_THE TASK:_ Exactly as they appear, write the lines from the one containing "US Marshals Arrested" to the final line of the entries, leaving pictures out.

_DATA RECORDS:_

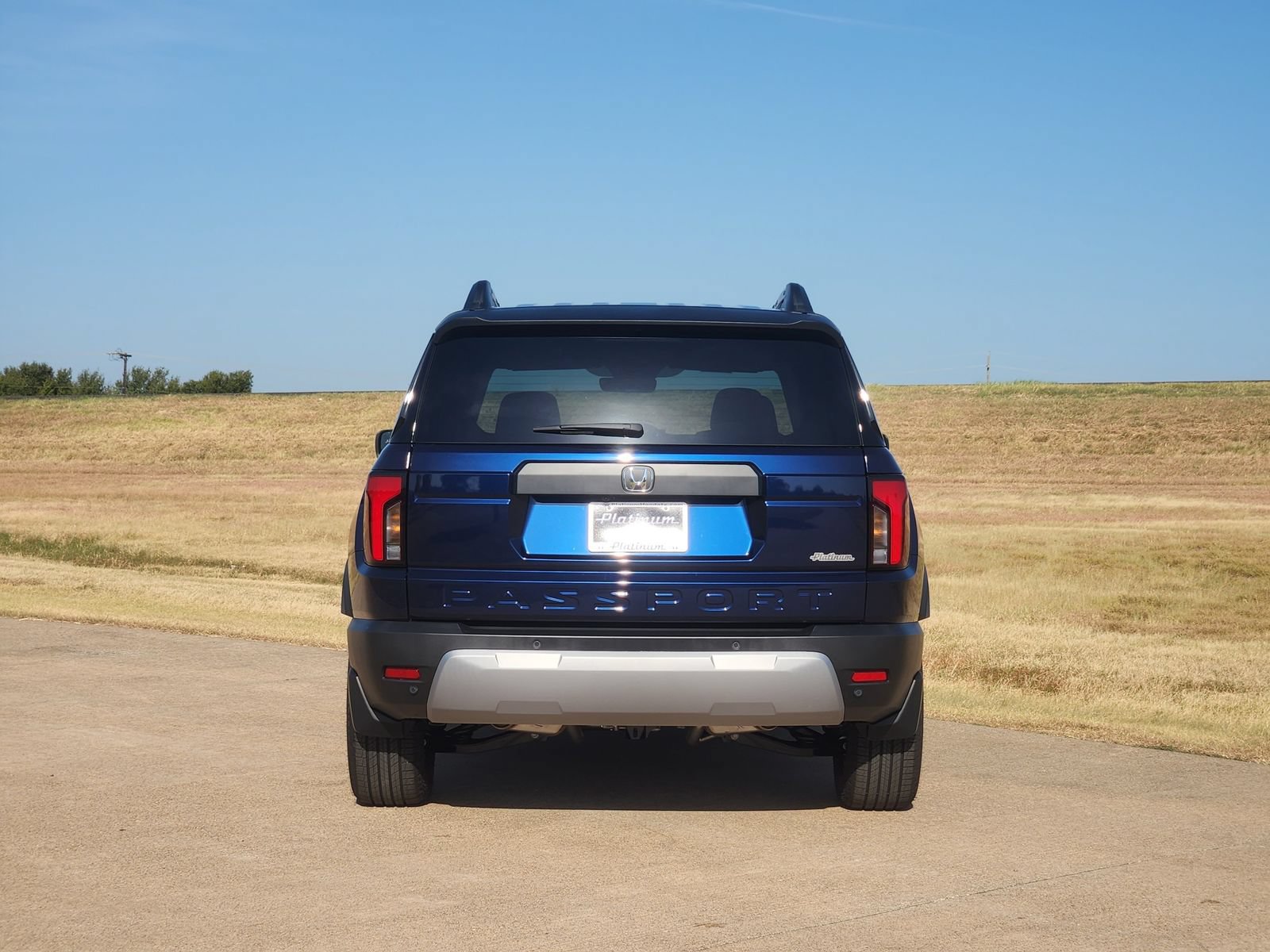 New 2026 Honda Passport RTL image 7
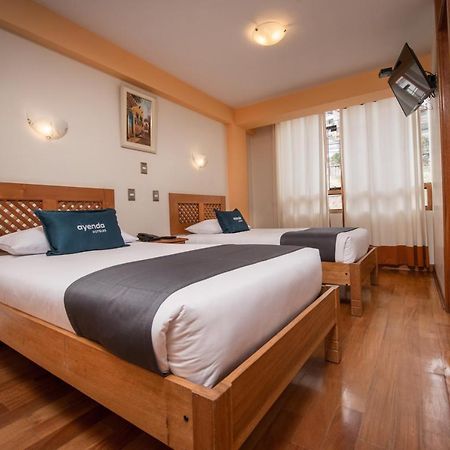 Cascada Del Inka Otel Cusco Dış mekan fotoğraf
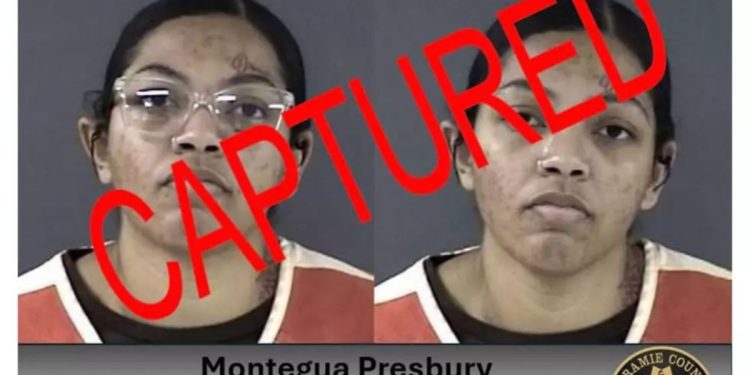 US Marshals Arrested ‘Most Wanted’ Cheyenne Woman in Colorado Springs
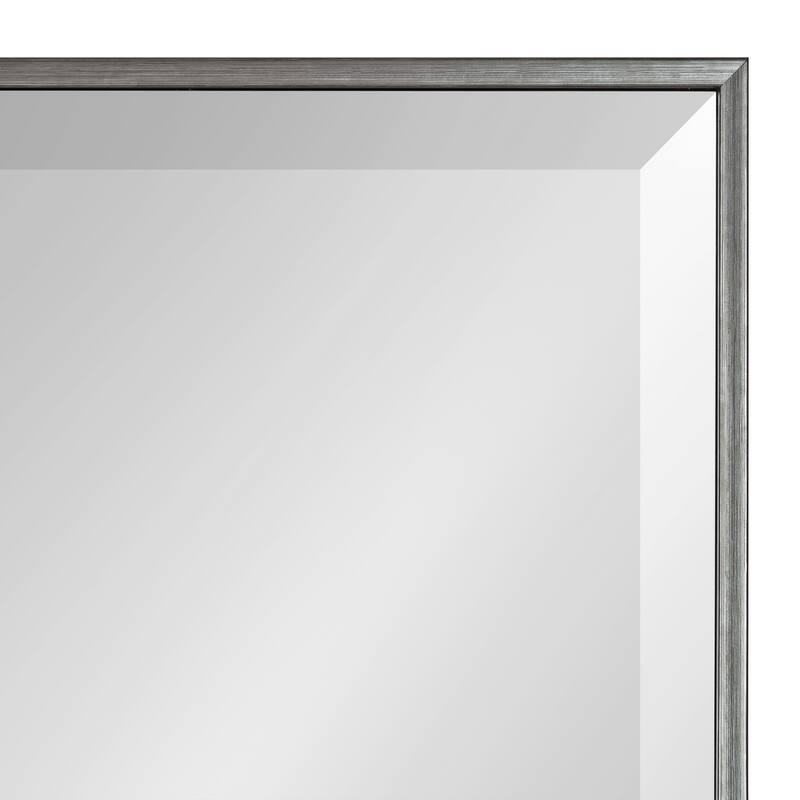 Rhodes Framed Decorative Wall Mirror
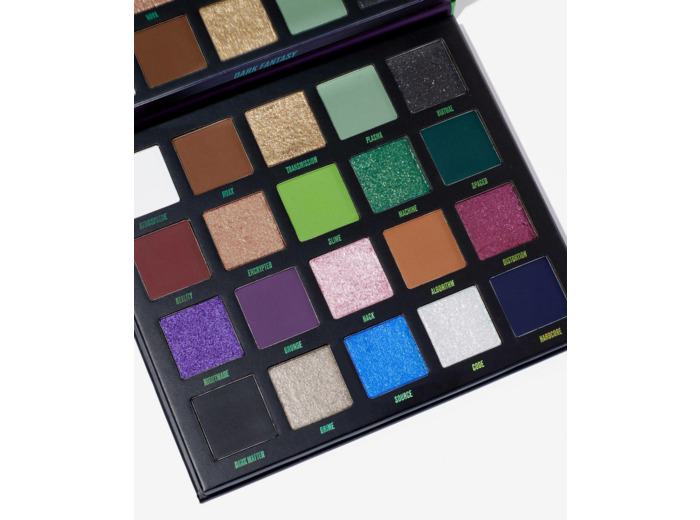 Palette - Dark Fantasy - BEAUTY BAY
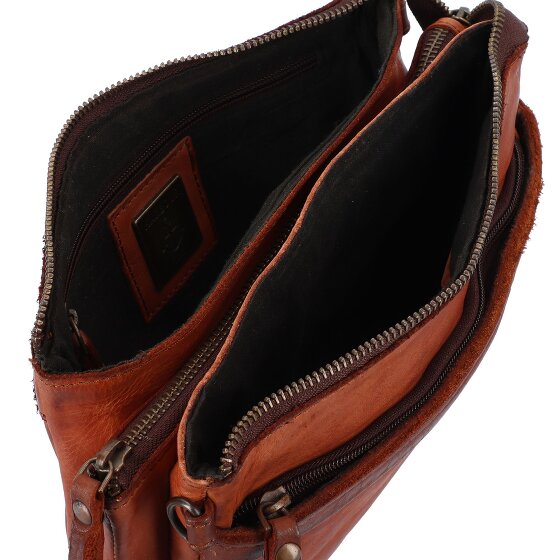 Harbour 2nd Urban Poets Lexi Umhängetasche Leder 24 cm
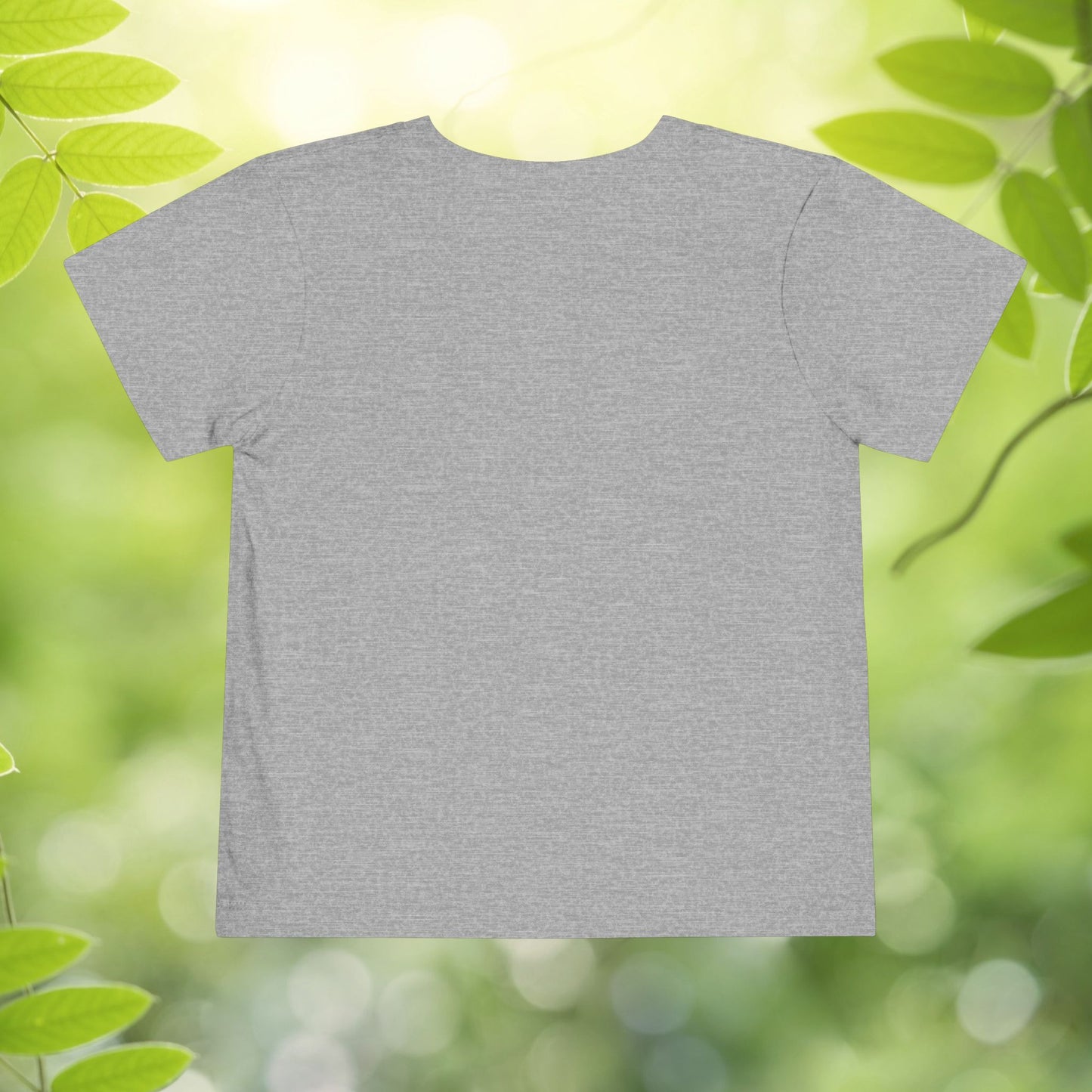 American Crow and Friends Toddler Tee | Maine Artist Cee Thorketil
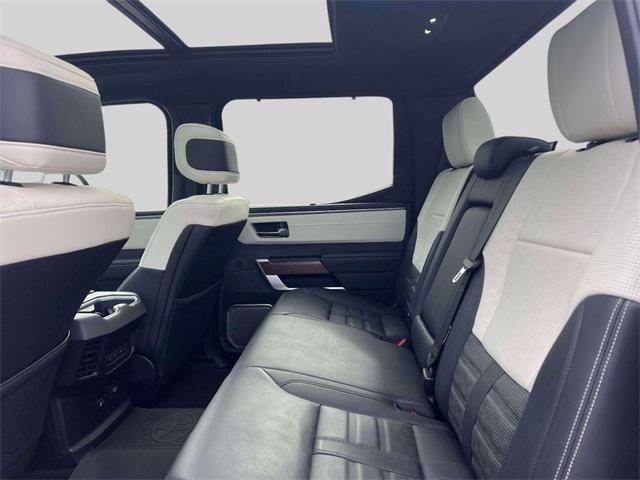 used 2025 Toyota Tundra Hybrid car, priced at $67,859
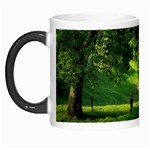 Trees Morph Mug Left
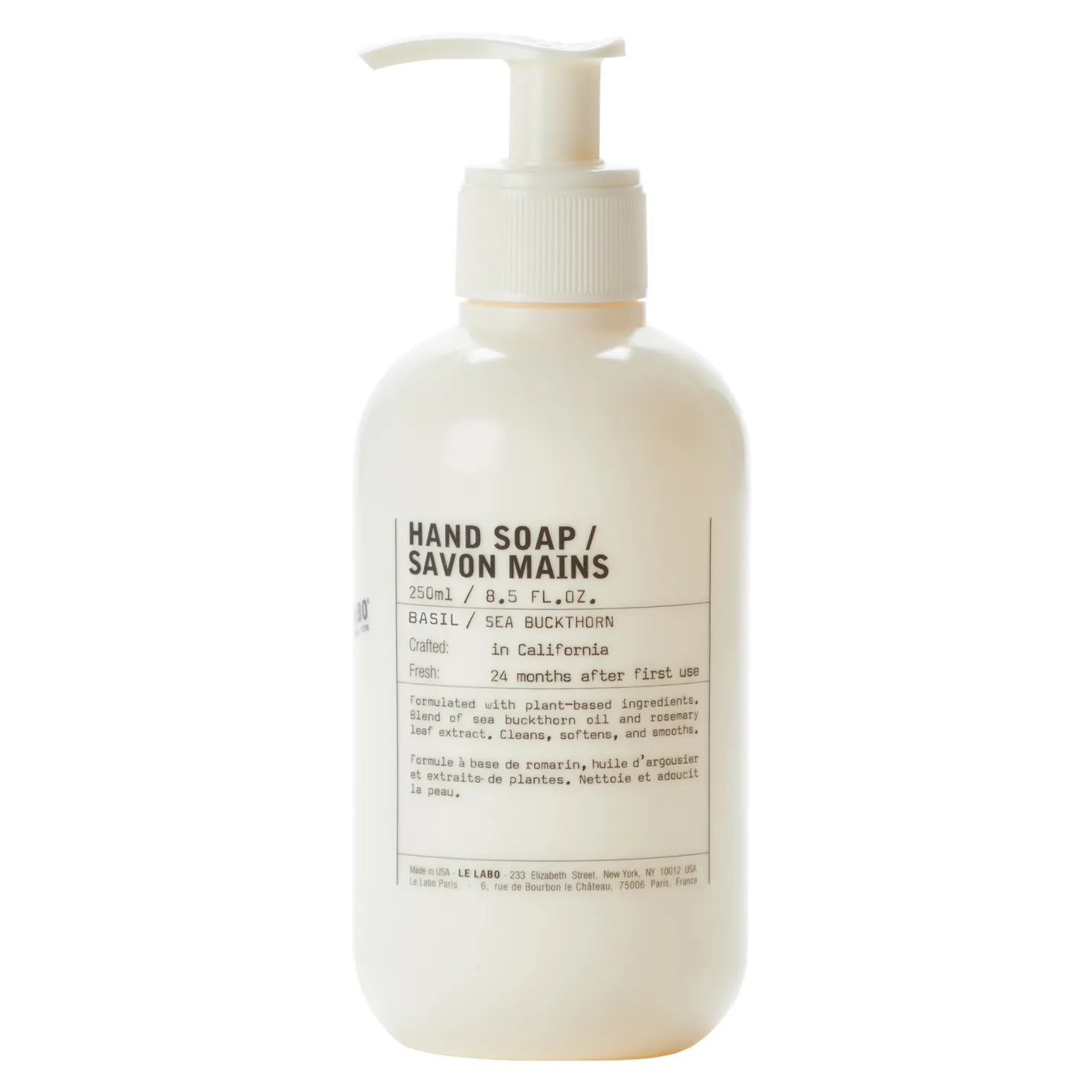 Hand Soap Basil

_RESULT OF THIS EXERCISE:_
 US Marshals Arrested ‘Most Wanted’ Cheyenne Woman in Colorado Springs
 Rhodes Framed Decorative Wall Mirror
 Palette - Dark Fantasy - BEAUTY BAY
 Harbour 2nd Urban Poets Lexi Umhängetasche Leder 24 cm
 American Crow and Friends Toddler Tee | Maine Artist Cee Thorketil
 used 2025 Toyota Tundra Hybrid car, priced at $67,859
 Trees Morph Mug Left
 Hand Soap Basil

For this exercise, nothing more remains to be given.